Meituan was heavily reduced by Prosus, cashing out nearly 4.3 billion, indicating that the investment lacks potential

South Africa's Naspers subsidiary Prosus significantly reduced its stake in Meituan, cashing out approximately HKD 4.3 billion, with its shareholding dropping to 3.6%. Prosus began selling Meituan shares in July, cumulatively cashing out USD 539 million. The CEO of Prosus stated that the reduction was aimed at optimizing the stock buyback strategy and pointed out that Tencent has growth potential compared to its American counterparts
Market concerns about Meituan (3690) intensify as it faces fierce competition in the food delivery business, while also experiencing significant sell-offs by Prosus, the internet investment flagship under South Africa's Naspers. As of the end of November, Prosus's stake in Meituan has decreased to 218 million shares or 3.6%, down by 39.1 million shares since early July this year.

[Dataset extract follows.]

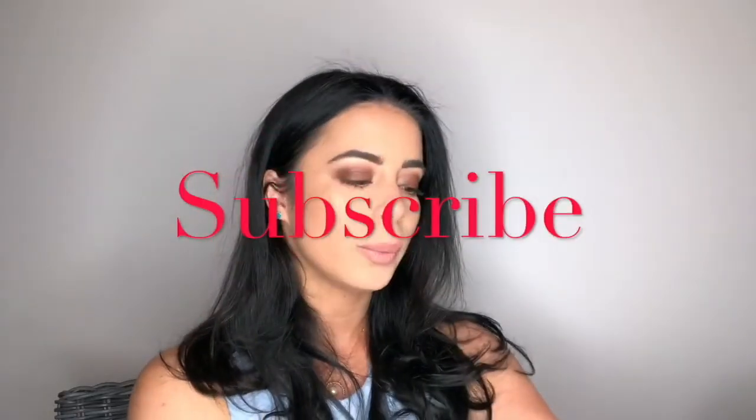Well guys, there you have it — this is the brown smokey eye using the Jaclyn Hill palette. I hope you appreciate this video and really like how my look turned out. If you want to see more looks like this, more tutorials and more reviews, don't forget to hit the subscribe button and the post notification bell so you can see every time I upload. If you want me to review anything, have any questions, or even just want to leave me some love in the comments, I could sure use it. Thanks again, I wish you all the best, and I will see you next time. Bye!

According to Prosus's interim report, the sell-off began in July, during which it sold Meituan shares worth USD 249 million, and in October, it sold shares worth nearly USD 300 million, totaling approximately USD 539 million (about HKD 4.28 billion), although the number of shares sold was not disclosed.
Tencent has significant growth potential compared to its American peers
Prosus CEO Fabricio Bloisi stated that the funding for the company's unlimited share buyback program comes not only from reducing its stake in Tencent (700) but also from selling underperforming investments. As of the end of September, Prosus had cumulatively sold 0.7% of Tencent, cashing out USD 4.6 billion (about HKD 35.88 billion), and sold 7.0893 million shares of Tencent between October and November, cashing out USD 586 million.
He also mentioned that considering the price-to-earnings ratio, Tencent has significant growth potential compared to its American peers, so Prosus is optimizing its stock buyback strategy, "We will continue to maintain the current public stock buyback program but will not disclose the names of other companies (planned for reduction)."